# ONR 1st try



## Justanothersept (Sep 2, 2016)

Hey all,

So tried onr for the first time,

As a pre wash x2, wasn't so good at all to release the bugs so probably try BH autowash next time.

What I thought would take about 30mins seemed to take over 1.5 hours to clean and dry, but put everything away just minutes which is a plus!

As a wash it's fine, with multi mitts but as I was doing panel by panel it just dried up to quick, any help? I've attached the picture below, it was about 14c degrees with some wind.
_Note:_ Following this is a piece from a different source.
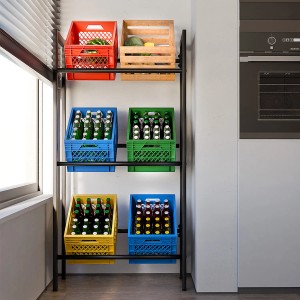 Tronitechnik Getränkeregal mit bunten Kisten, 3 Ebenen, Metall pulverbeschichtet, 71x32x140 cm.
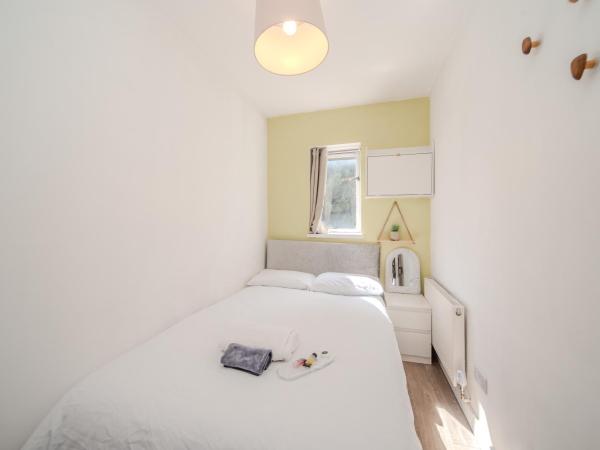 HarmonyNest Parkview Elegance : photo 8 de la chambre chambre double avec salle de bains privative extérieure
From what I knew onr wasn't meant to dry that quick, how can I avoid it??

Bucket 30ml onr to 7.5 litre water.










Sent from my iPhone using Tapatalk


----------



## garage_dweller (Apr 10, 2018)

My method

2 buckets, 1 with ONR mix, 1 with plain water.
Spray bottle with ONR mic
Soak x number of MF cloths in ONR bucket
Spray 2 panels next to each other with ONR mix
leave to dwell
Wing out MF so it's not dripping wet, fold, wipe panel, turn, wipe, repeat until panel done. Put MF in clean water
Dry panel with dry MF
Spray another panel
Take clean MF
Do 2nd panel 
Repeat

Depending on how dirty the car is I may reuse the MF's.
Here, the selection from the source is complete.